Set down exactly the lines in the records below that run from the line with "NPilates2's tweet photo." to the line with "#子連れトレーニング https://t.co/DVFdcWiwZE", inclusive, and nothing more.

◆ **Data excerpts**
- - -

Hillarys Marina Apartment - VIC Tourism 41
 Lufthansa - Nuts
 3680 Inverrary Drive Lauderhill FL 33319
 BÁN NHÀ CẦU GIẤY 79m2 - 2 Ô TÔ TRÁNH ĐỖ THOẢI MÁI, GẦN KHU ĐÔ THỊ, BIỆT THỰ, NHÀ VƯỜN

- - -

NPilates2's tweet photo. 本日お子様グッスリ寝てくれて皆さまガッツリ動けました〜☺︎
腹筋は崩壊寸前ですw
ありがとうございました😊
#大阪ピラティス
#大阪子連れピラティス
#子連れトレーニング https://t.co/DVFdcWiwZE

- - -

◆ **Task solution**
NPilates2's tweet photo. 本日お子様グッスリ寝てくれて皆さまガッツリ動けました〜☺︎
腹筋は崩壊寸前ですw
ありがとうございました😊
#大阪ピラティス
#大阪子連れピラティス
#子連れトレーニング https://t.co/DVFdcWiwZE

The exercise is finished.